The Act betrays several Constitutional deficiencies and imposes alarming mandates.
Under both the Elections Clause of Article I of the Constitution and the Electors Clause of Article II, States have principal—and with presidential elections, exclusive—responsibility to safeguard the manner of holding elections.
The Act would invert that constitutional structure, commandeer state resources, confuse and muddle elections procedures.
The Act regulates “election for Federal office,” defined to include “election for the office of President or Vice President.”
The Act therefore implicates the Electors Clause, which expressly affords “Each State” the power to “appoint, in such Manner as the Legislature thereof may direct,” the state’s allotment of presidential electors, and separately affords Congress only the more limited power to “determine the Time of choosing the Electors.”
That exclusive division of power for setting the “manner” and “time” of choosing presidential electors differs markedly from the collocated powers of the Article I Elections Clause, which says that both States and Congress have the power to regulate the “time, place, and manner” of congressional elections.
That distinction is not an accident of drafting. After extensive debate, the Constitution’s Framers deliberately excluded Congress from deciding how presidential electors would be chosen in order to avoid presidential dependence on Congress for position and authority.

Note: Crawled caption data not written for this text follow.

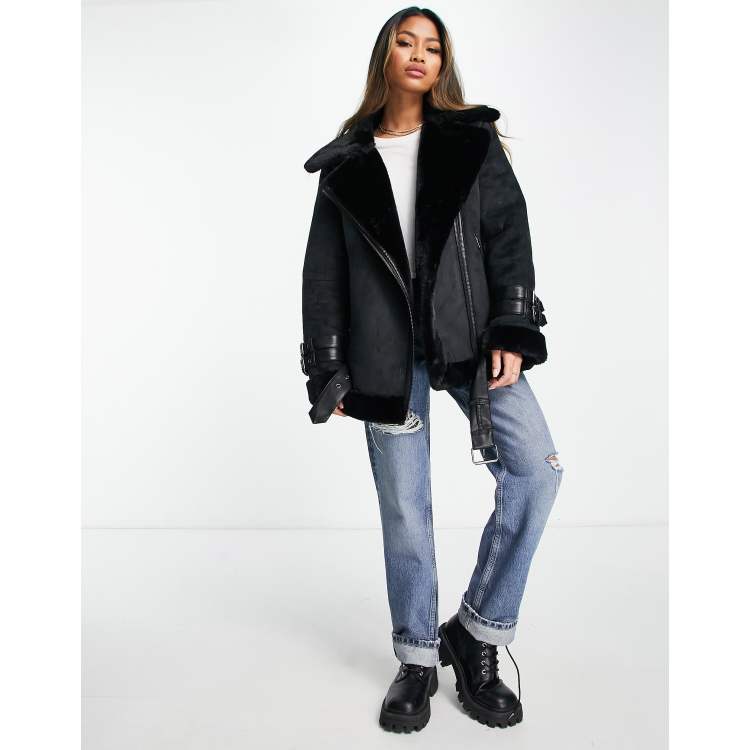 French Connection faux shearling aviator jacket in black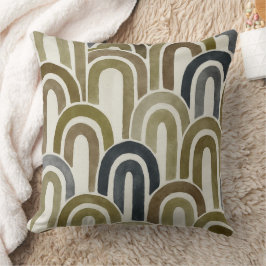 Almofada Bohemian arch fish scale painted pattern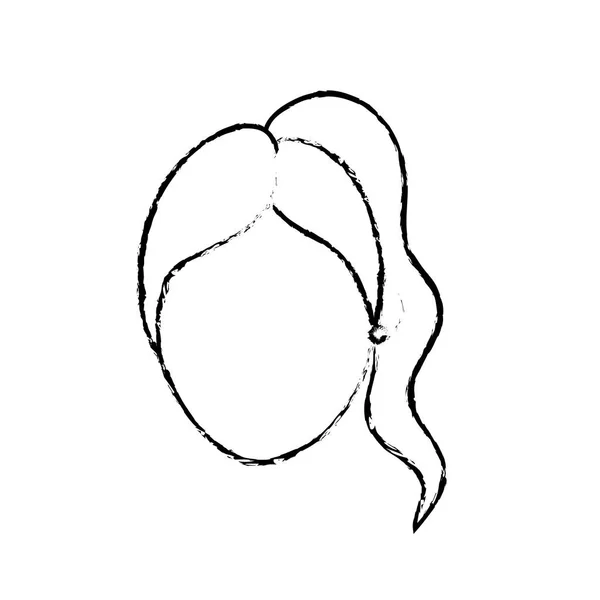 Figura Mulher Avatar Social Com Desenho Penteado Ilustração Vetorial — Vetor de Stock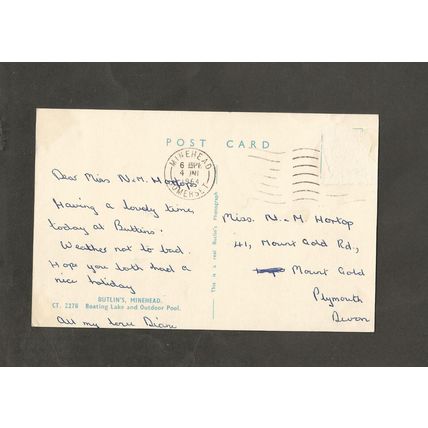 Postcard Somerset Minehead Butlins Holiday Camp Boating lake and pool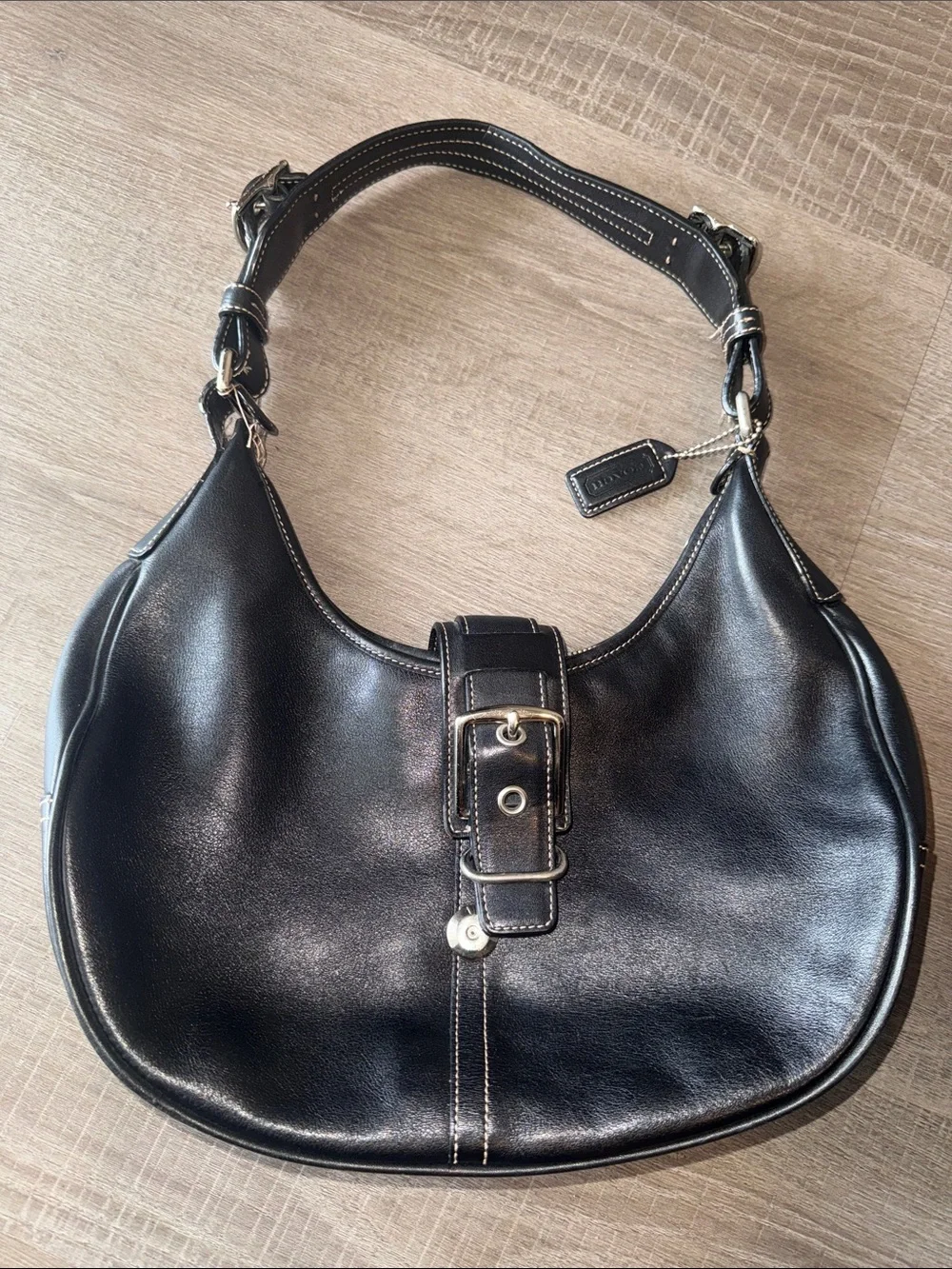 COACH VINTAGE Y2K HAMPTON SOHO BUCKLE HOBO SHOULDER BAG Black Leather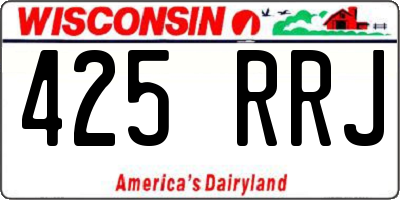 WI license plate 425RRJ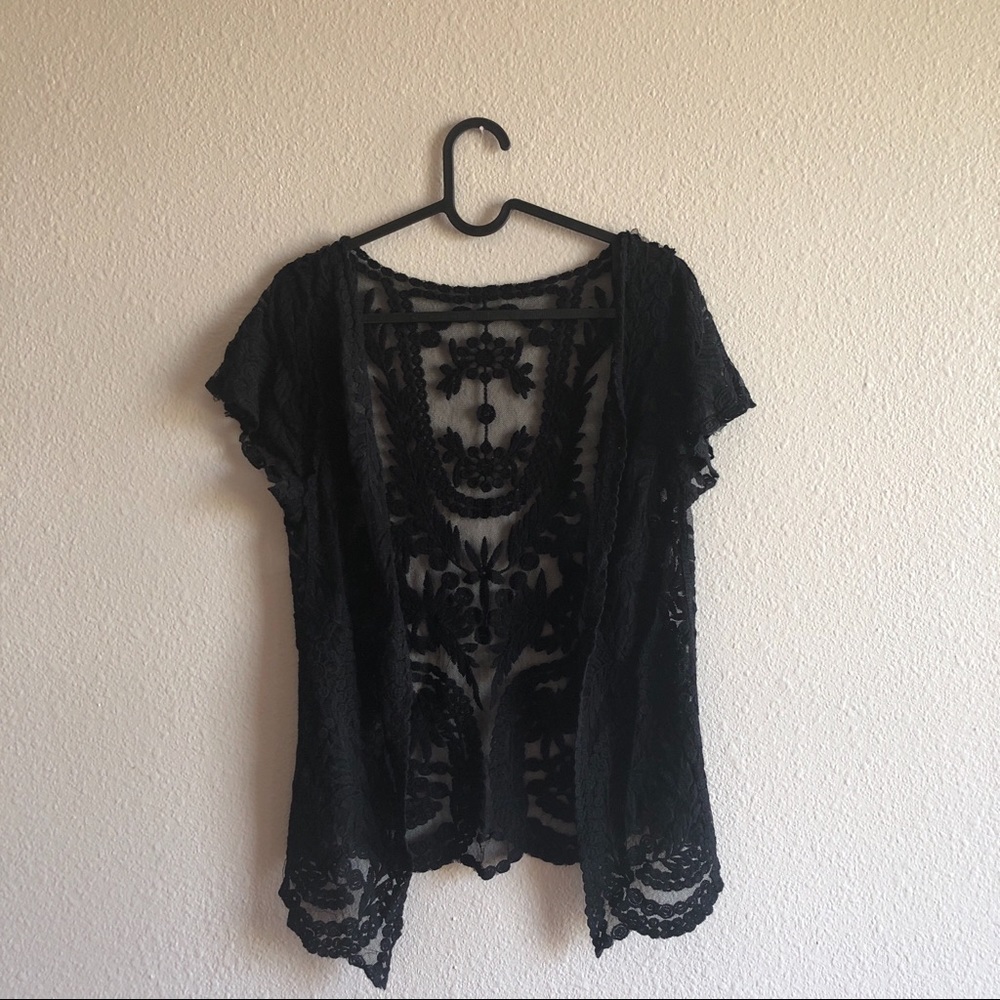 Black lace cardigan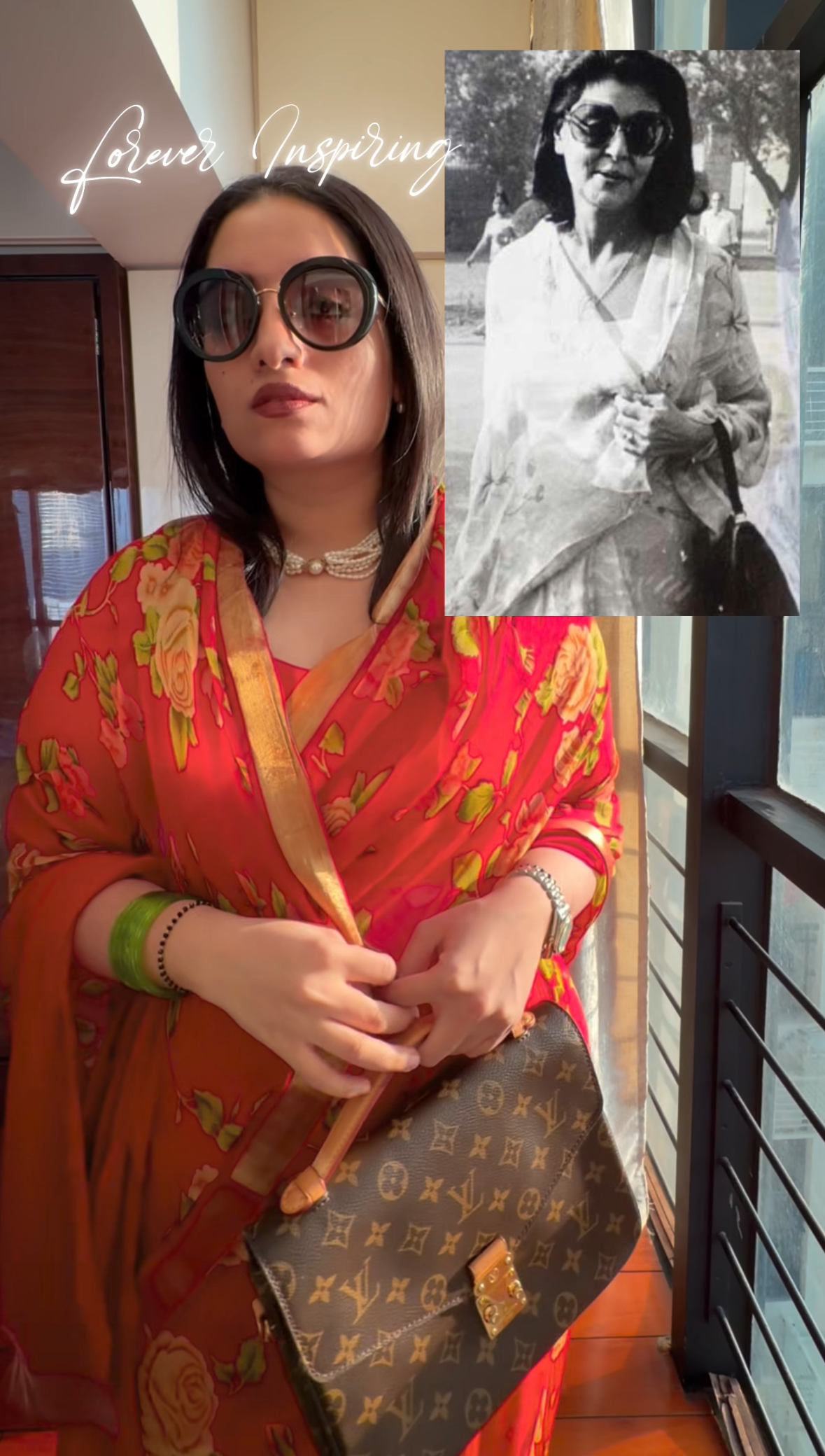 Printed pure chiffon saree - Red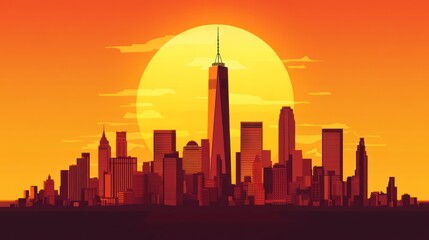 Fototapeta premium Manhattan Skyline at Sunset: A Vibrant Cityscape Illustration
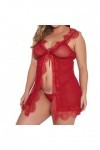liaddkv Ensemble de lingerie pour femme, rouge, M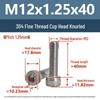 Yigu Fine Thread Knurled Socket Head Screws, 304 Stainless Steel, M3-M12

Accordingly, the Supreme Court, in upholding a Michigan statute apportioning presidential electors by district, observed that the Electors Clause “convey[s] the broadest power of determination” and “leaves it to the legislature exclusively to define the method” of appointment of electors.
McPherson v. Blacker, 146 U.S. 1, 27 (1892).
The exclusivity of state power to “define the method” of choosing presidential electors means that Congress may not force states to permit presidential voting by mail or curbside voting, for example.